Segment Start: THE DATA

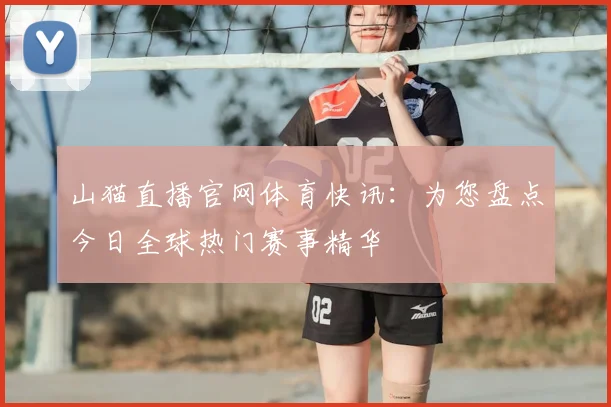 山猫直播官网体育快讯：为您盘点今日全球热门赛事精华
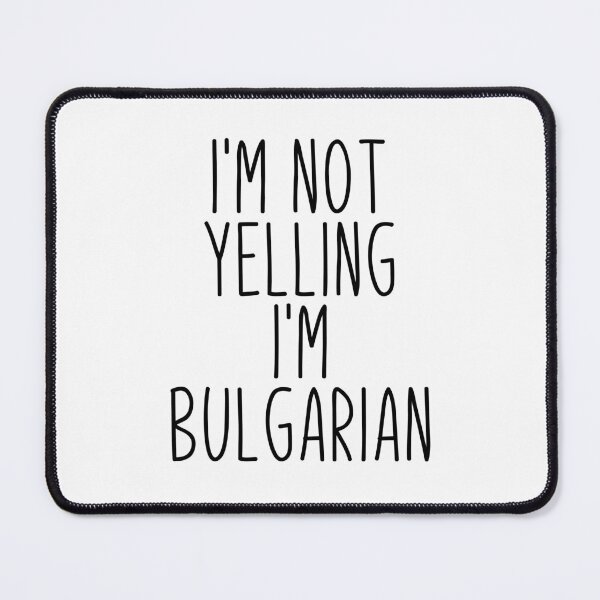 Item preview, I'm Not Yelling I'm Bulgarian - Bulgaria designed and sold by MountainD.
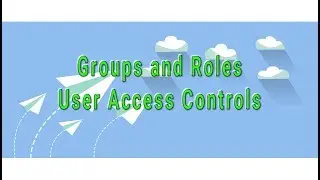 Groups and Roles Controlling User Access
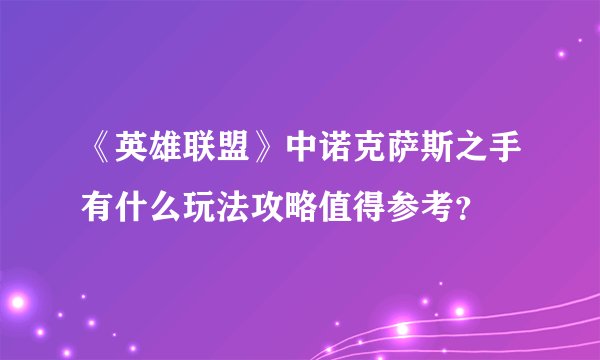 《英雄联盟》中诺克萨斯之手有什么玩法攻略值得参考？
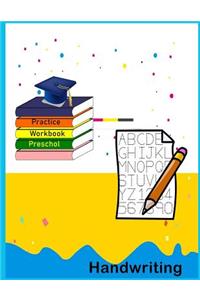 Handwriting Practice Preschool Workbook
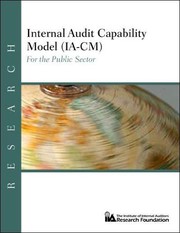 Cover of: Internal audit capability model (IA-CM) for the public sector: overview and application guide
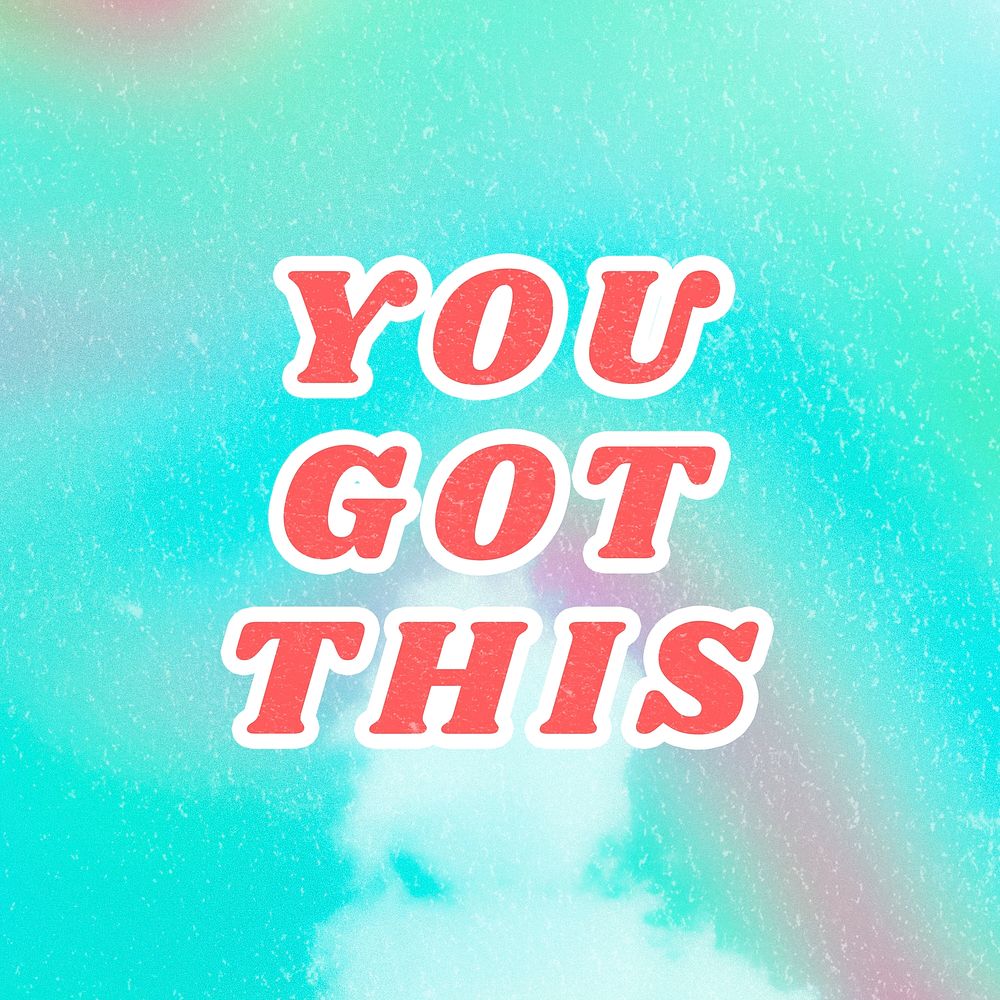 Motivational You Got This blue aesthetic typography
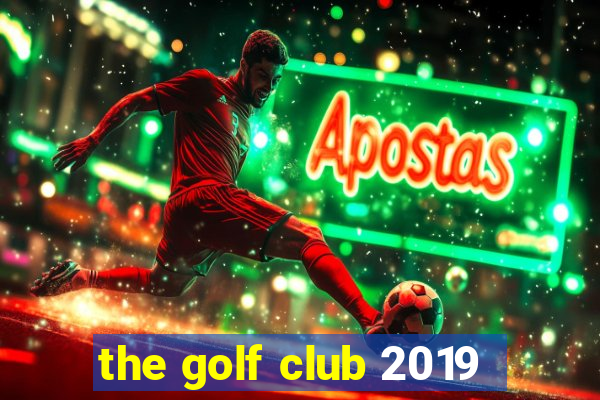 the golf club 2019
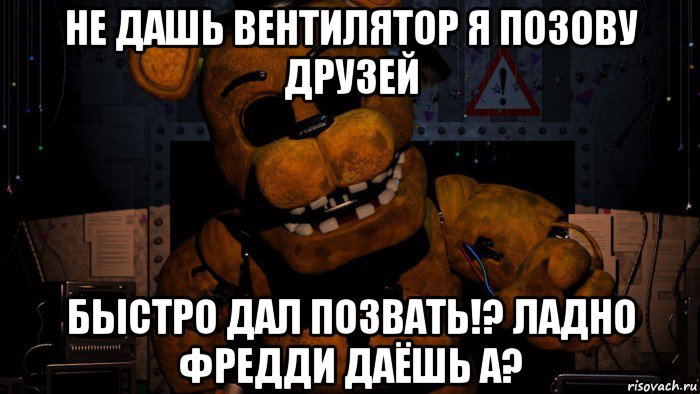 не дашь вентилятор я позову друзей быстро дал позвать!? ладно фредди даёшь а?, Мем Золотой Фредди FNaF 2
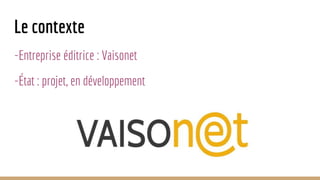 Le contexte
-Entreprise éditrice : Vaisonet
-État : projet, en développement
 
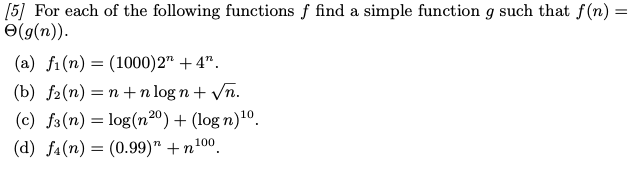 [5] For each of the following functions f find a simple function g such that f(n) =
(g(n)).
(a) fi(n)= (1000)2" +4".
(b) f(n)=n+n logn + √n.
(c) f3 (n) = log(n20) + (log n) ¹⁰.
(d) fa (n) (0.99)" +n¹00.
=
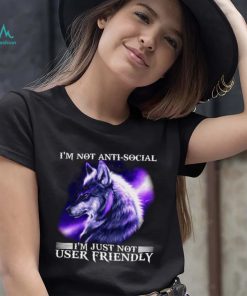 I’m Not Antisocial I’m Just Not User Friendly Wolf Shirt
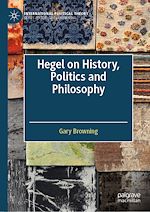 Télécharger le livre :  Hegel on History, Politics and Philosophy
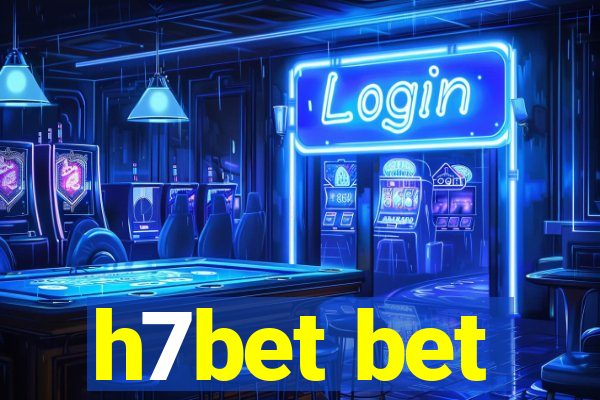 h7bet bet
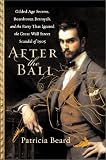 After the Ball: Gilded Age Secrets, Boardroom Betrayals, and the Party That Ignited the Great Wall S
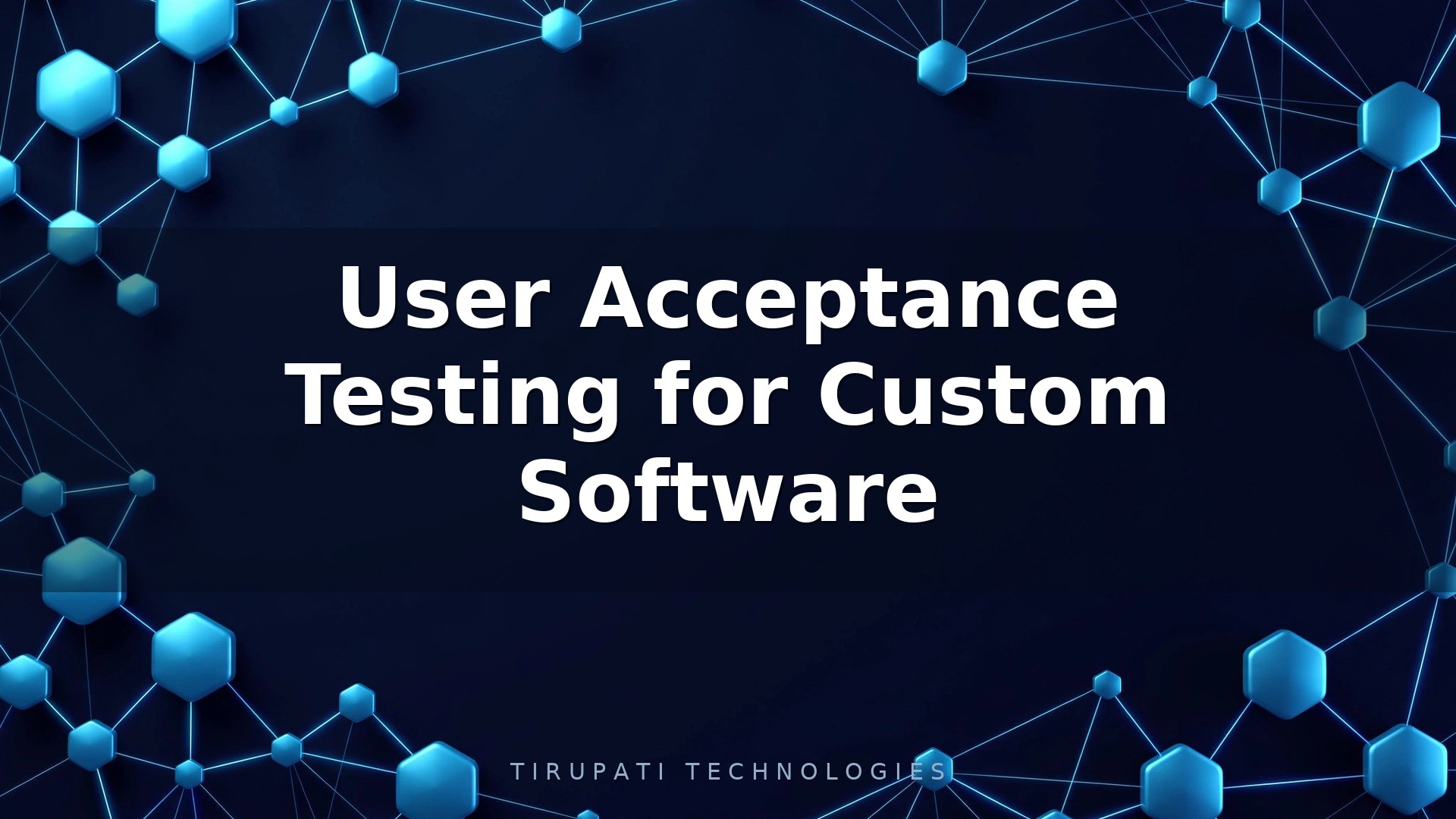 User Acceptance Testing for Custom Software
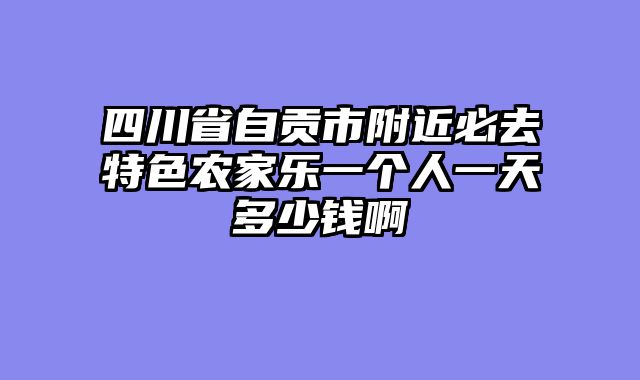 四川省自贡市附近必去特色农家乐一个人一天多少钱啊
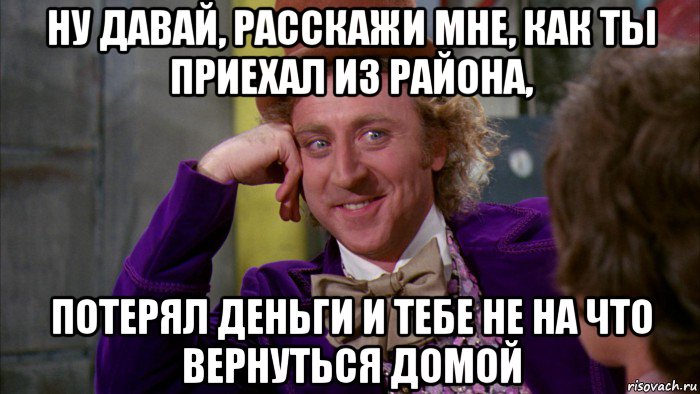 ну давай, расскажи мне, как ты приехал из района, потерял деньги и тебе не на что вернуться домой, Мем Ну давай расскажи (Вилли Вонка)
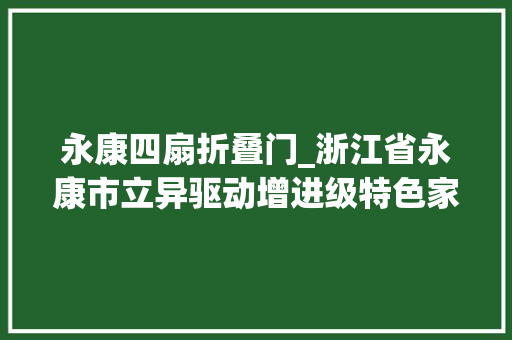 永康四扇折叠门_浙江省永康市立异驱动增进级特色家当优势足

Segment End: THE DATA

ASSIGNMENT =>
The records above, minus their pictures, are to be returned word for word.

SOLUTION FOR THIS PROBLEM =>
 山猫直播官网体育快讯：为您盘点今日全球热门赛事精华
 Item preview, I'm Not Yelling I'm Bulgarian - Bulgaria designed and sold by MountainD.
 Groups and Roles Controlling User Access
 《英雄联盟》中诺克萨斯之手有什么玩法攻略值得参考？
 Handwriting Practice Preschool Workbook
 Cover of: Internal audit capability model (IA-CM) for the public sector: overview and application guide
 Motivational You Got This blue aesthetic typography
 the golf club 2019
 не дашь вентилятор я позову друзей быстро дал позвать!? ладно фредди даёшь а?, Мем Золотой Фредди FNaF 2
 Le contexte
-Entreprise éditrice : Vaisonet
-État : projet, en développement
 
 [5] For each of the following functions f find a simple function g such that f(n) =
(g(n)).
(a) fi(n)= (1000)2" +4".
(b) f(n)=n+n logn + √n.
(c) f3 (n) = log(n20) + (log n) ¹⁰.
(d) fa (n) (0.99)" +n¹00.
=
 I’m Not Antisocial I’m Just Not User Friendly Wolf Shirt
 Télécharger le livre :  Hegel on History, Politics and Philosophy
 h7bet bet
 After the Ball: Gilded Age Secrets, Boardroom Betrayals, and the Party That Ignited the Great Wall S
 User Acceptance Testing for Custom Software
 四川省自贡市附近必去特色农家乐一个人一天多少钱啊
 ну давай, расскажи мне, как ты приехал из района, потерял деньги и тебе не на что вернуться домой, Мем Ну давай расскажи (Вилли Вонка)
 永康四扇折叠门_浙江省永康市立异驱动增进级特色家当优势足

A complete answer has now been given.